COVID-19 Outcomes Similar in Patients With and Without Immune-Mediated Inflammatory Diseases

Treating a patient that has tested positive for coronavirus.
Treating a patient that has tested positive for coronavirus.
Researchers evaluated health records from a large US health system to determine whether common rheumatologic conditions and immunomodulatory drugs were associated with certain COVID-19 outcomes.

Heart failure and age, but not immune-mediated inflammatory diseases (IMIDs) or immunomodulatory drugs, were strongly associated with COVID-19 severity, according to study results presented at the European Alliance of Associations for Rheumatology (EULAR) Congress 2022, held June 1 to 5, 2022 in Copenhagen, Denmark.

Researchers evaluated COVID-19 illness characteristics among a large group of patients with and without IMIDs. They analyzed data from patients who tested for COVID-19 at a large health system in the western United States. Data regarding immunomodulatory drug use within 3 months prior to testing and IMID disease history was collected. Analyses included multivariate logistic regression using machine learning metrics (feature importance, P-value) on an 80% training set and area under the receiver operating characteristic (AUROC) on a 20% test set.

Among a total of 1,101,431 patients who were tested for COVID-19, the rates of positive COVID-19 tests, hospitalization, invasive mechanical ventilation, and death were similar between rheumatologic IMID, non-rheumatologic IMID, and non-IMID populations.

Feature importance analyses showed that the most important risk factors for COVID-19 severity were age and heart failure. With the exception of spondyloarthritis, which was weakly associated with decreased hospitalization, invasive mechanical ventilation, and death, patients with IMIDs did not experience worse outcomes compared with patients without IMIDs.

Conventional synthetic disease-modifying antirheumatic drugs and corticosteroid use was weakly associated with increased hospitalization and rituximab with increased mortality.

Limitations of the study included a lack of data on vaccination status and IMID disease severity.

Disclosure: Some study authors declared affiliations with biotech, pharmaceutical, and/or device companies.
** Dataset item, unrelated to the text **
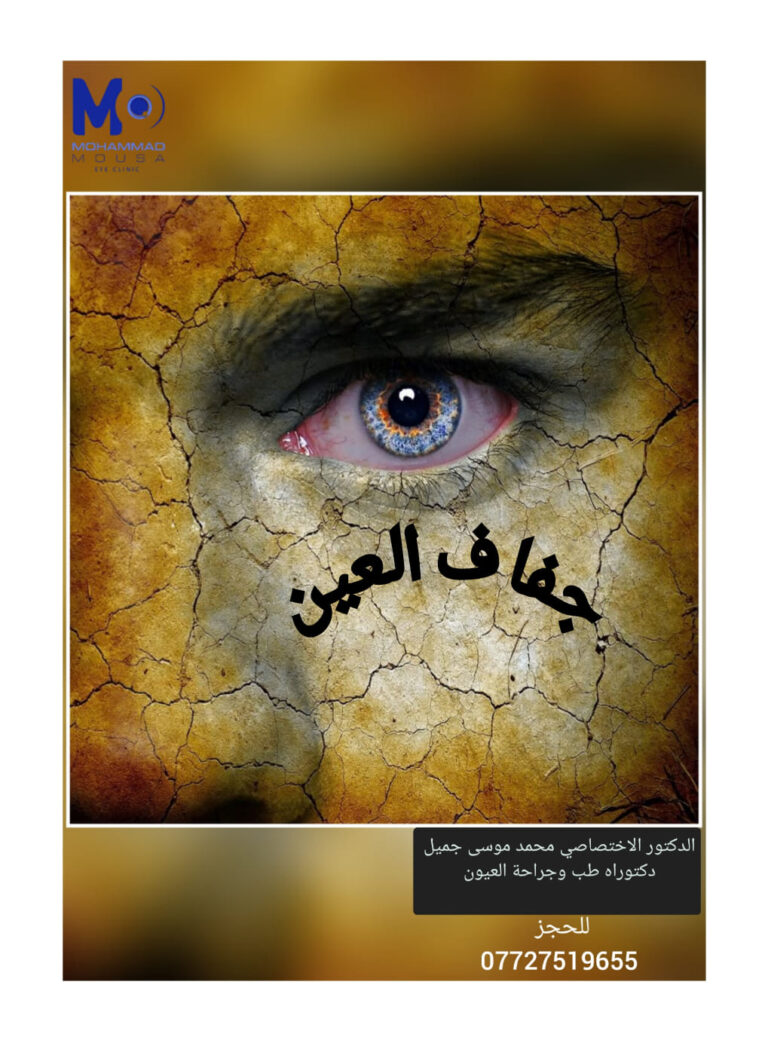 جفاف العين 3 768x1046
Please see the original reference for a full list of authors’ disclosures.

Reference

Mease PJ, Wei Q, Chiorean M, Iles-Shih L, Hadlock J. Risk factors for severe COVID-19 outcomes: A study of immune-mediated inflammatory diseases, therapies and comorbidities in a large US healthcare system. Presented at: EULAR Congress 2022; June 1-4, 2022; Copenhagen, Denmark. Abstract OP0247.